• WHAT IS REQUIRED
In the records below, find the line with "Colla extra forte", then copy each line exactly until you have copied the line with "MAN TGS 35.420 Kranwagen". Leave any picture out.

[Image-text web data]
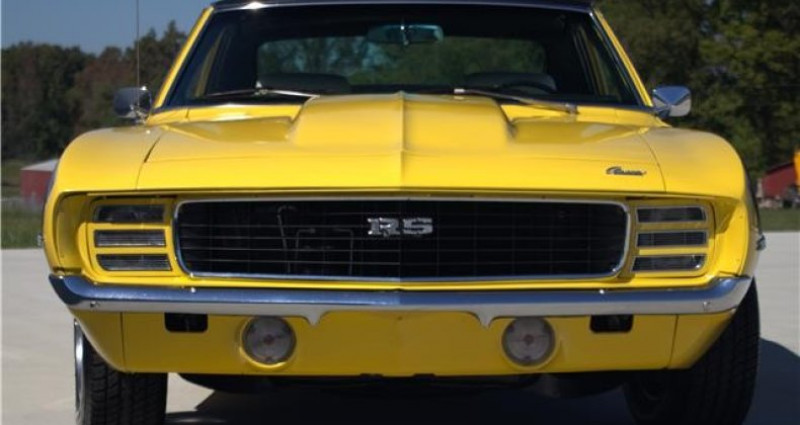 Chevrolet Camaro  1969 - photo n°2 Chevrolet Camaro   occasion à LYON - photo n°2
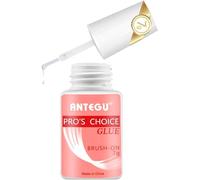 Colla extra forte per unghie, pennello incluso, 1 x 7 g, estensione dell'unghia, colla, per punte in acrilico e colla per unghie finte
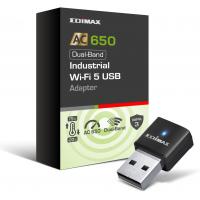 Network-Adapters-Industrial-AC650-Wi-Fi-5-Dual-Band-USB-Adapter-IEW-7811UTC-2
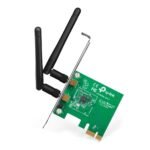 300Mbps Wireless N PCI Express Adapter 2T2R, 2.4GHz, 802.11n/g/b, with 2 detachable antennas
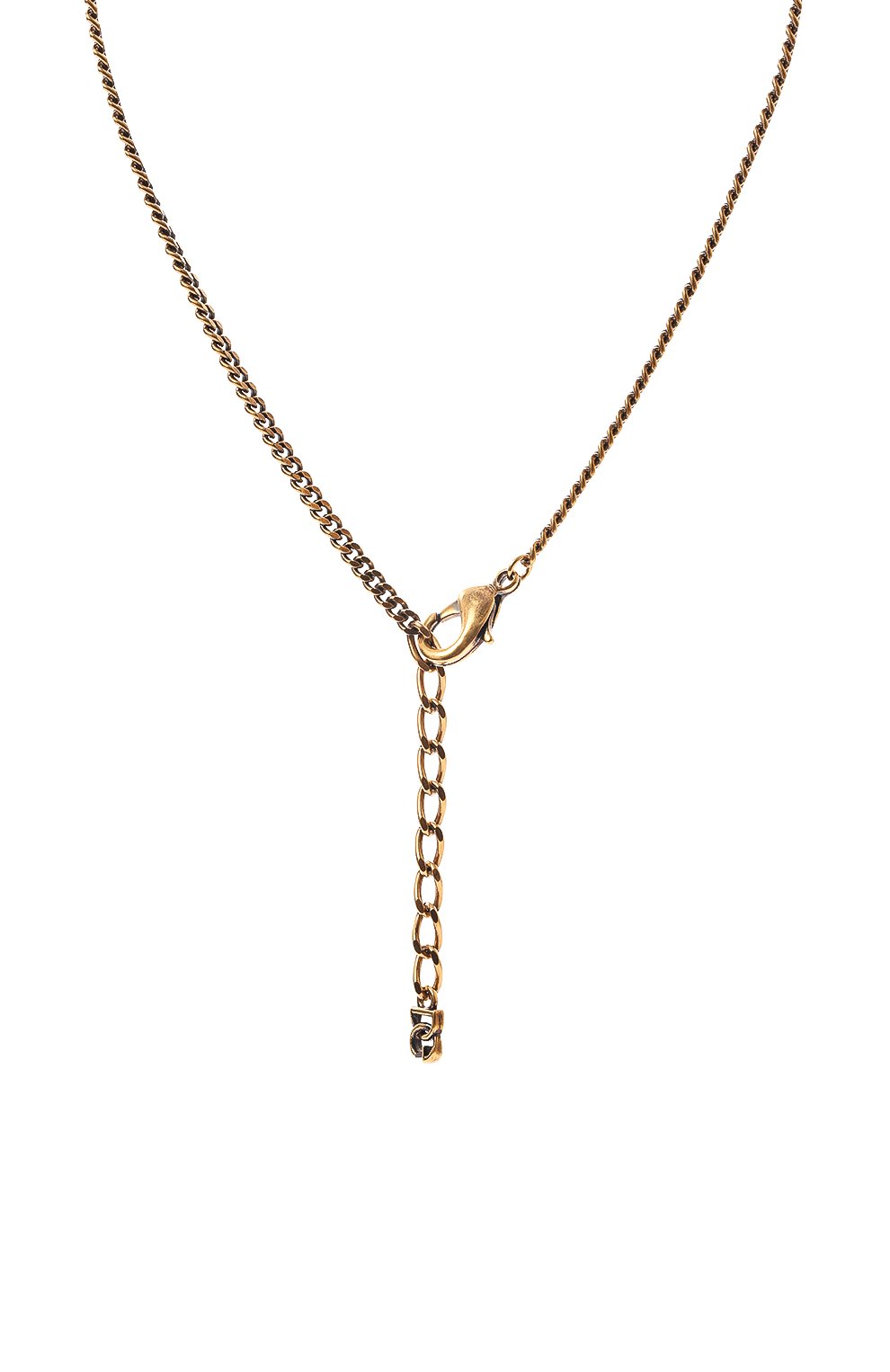 Кулон на цепочке DOLCE & GABBANA, арт. WNQ6L1 W1111, фото 4
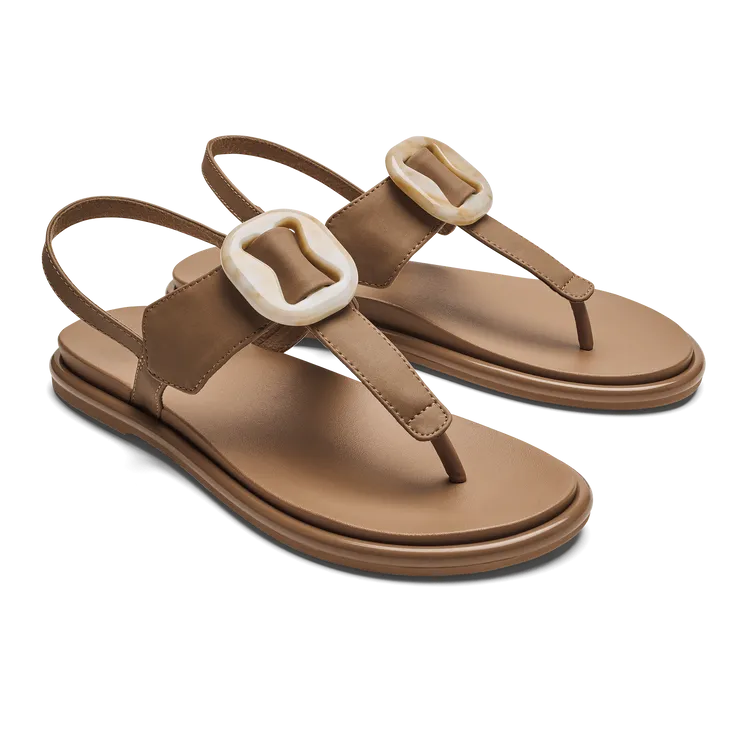 Olukai Womens Sandals La‘i T–Bar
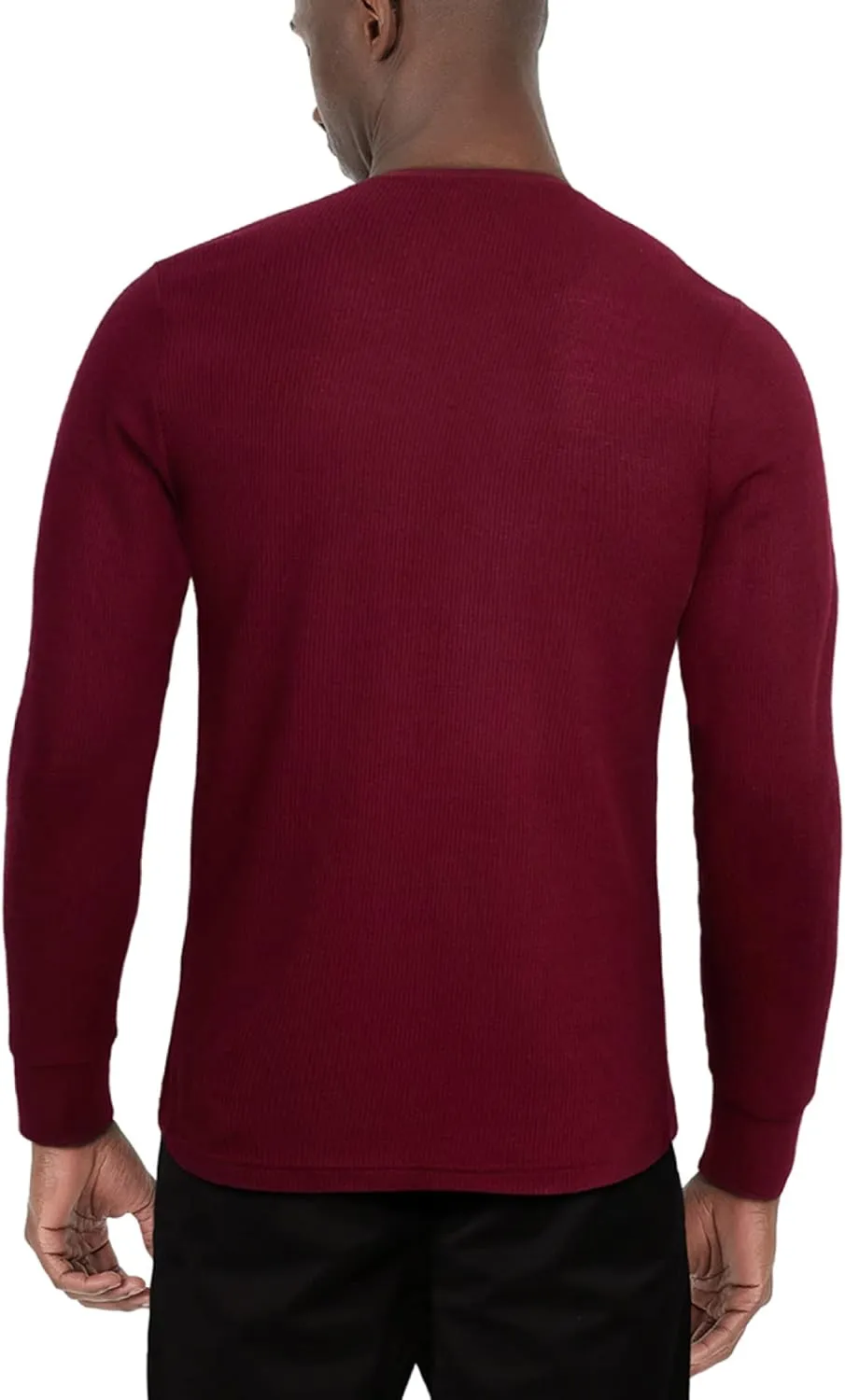 U.S. Polo Assn. Men's Thermal Shirt - Long Sleeve Waffle Knit Top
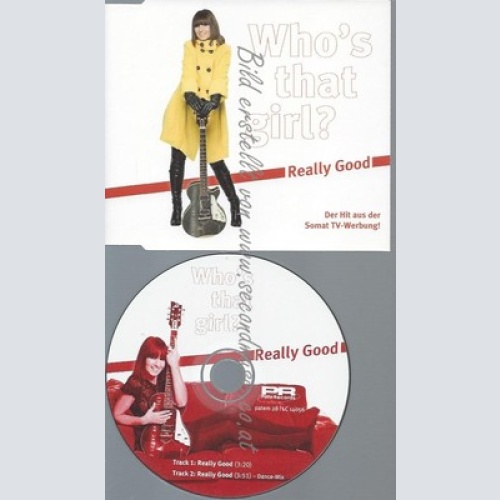 CD--WHO'S THAT GIRL - - - SINGLE -- REALLY GOOD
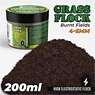 Static Grass Flock 4-6mm - Burnt Fields - 200 ml (Material)
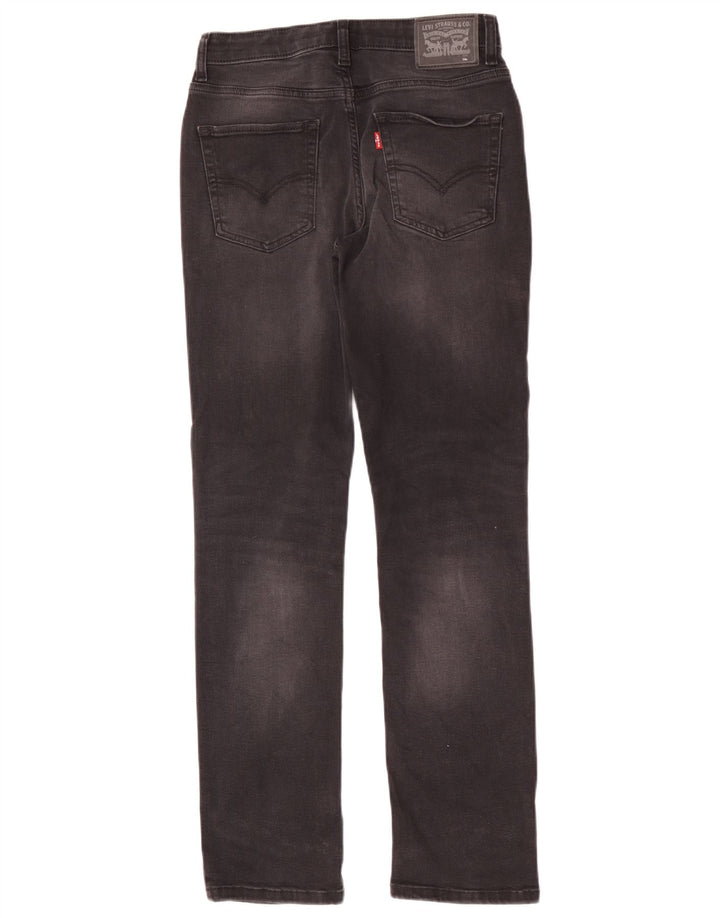 Levi's Boys Slim Jeans 13-14 ετών W26 L30 Μαύρο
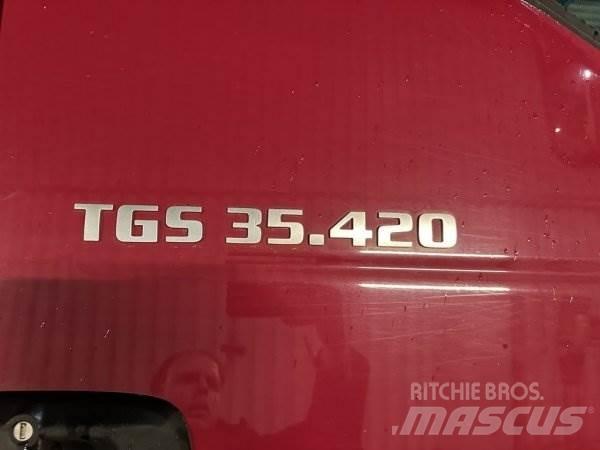MAN TGS 35.420 Kranwagen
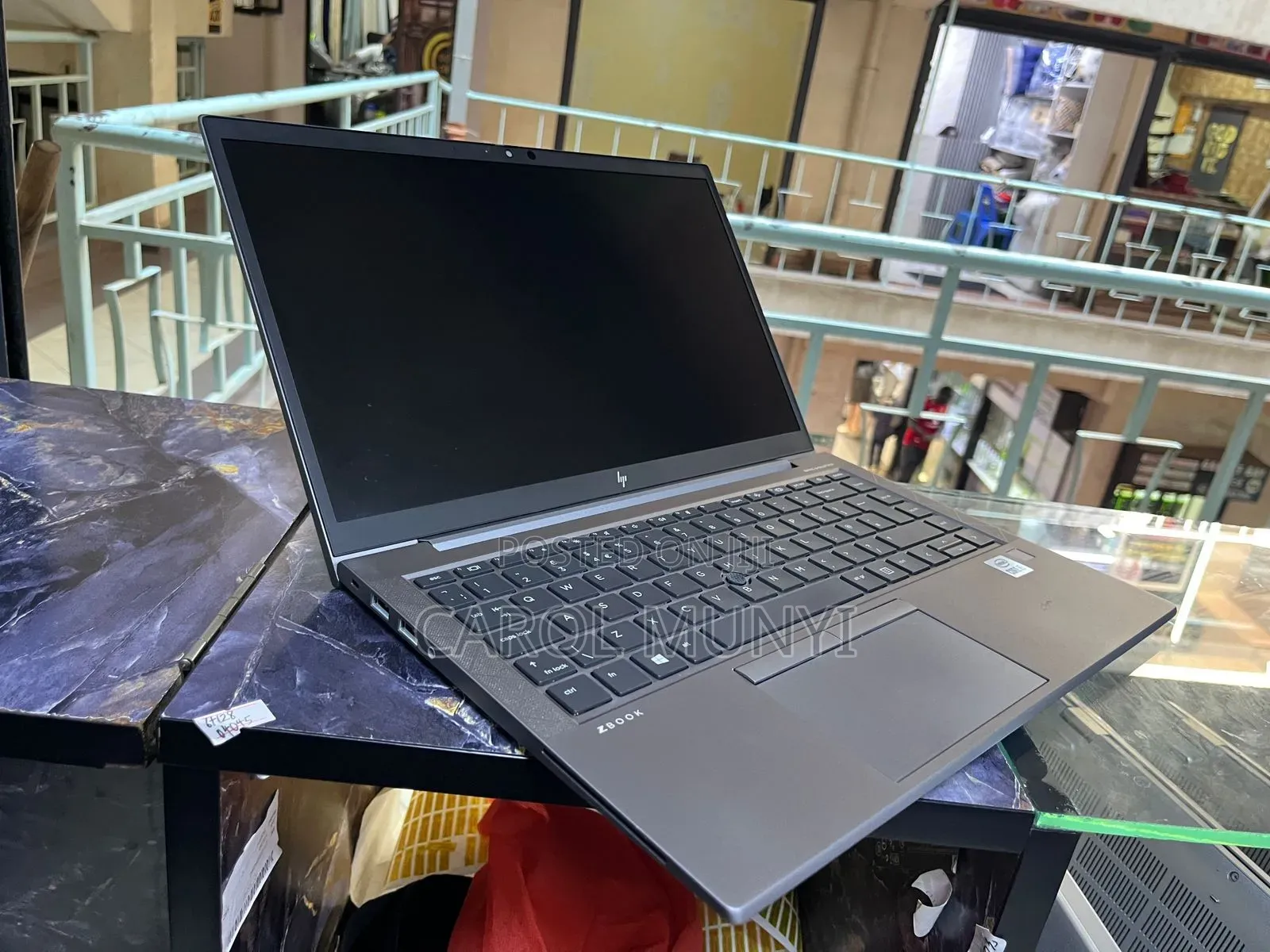 New Laptop HP ZBook Firefly 14 G7 16GB Intel Core i5 HDD+SSD 256GB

• THE ANSWER
 Colla extra forte per unghie, pennello incluso, 1 x 7 g, estensione dell'unghia, colla, per punte in acrilico e colla per unghie finte
 Network-Adapters-Industrial-AC650-Wi-Fi-5-Dual-Band-USB-Adapter-IEW-7811UTC-2
 300Mbps Wireless N PCI Express Adapter 2T2R, 2.4GHz, 802.11n/g/b, with 2 detachable antennas
 Кулон на цепочке DOLCE & GABBANA, арт. WNQ6L1 W1111, фото 4
 Olukai Womens Sandals La‘i T–Bar
 U.S. Polo Assn. Men's Thermal Shirt - Long Sleeve Waffle Knit Top
 CD--WHO'S THAT GIRL - - - SINGLE -- REALLY GOOD
 Static Grass Flock 4-6mm - Burnt Fields - 200 ml (Material)
 Levi's Boys Slim Jeans 13-14 ετών W26 L30 Μαύρο
MAN TGS 35.420 Kranwagen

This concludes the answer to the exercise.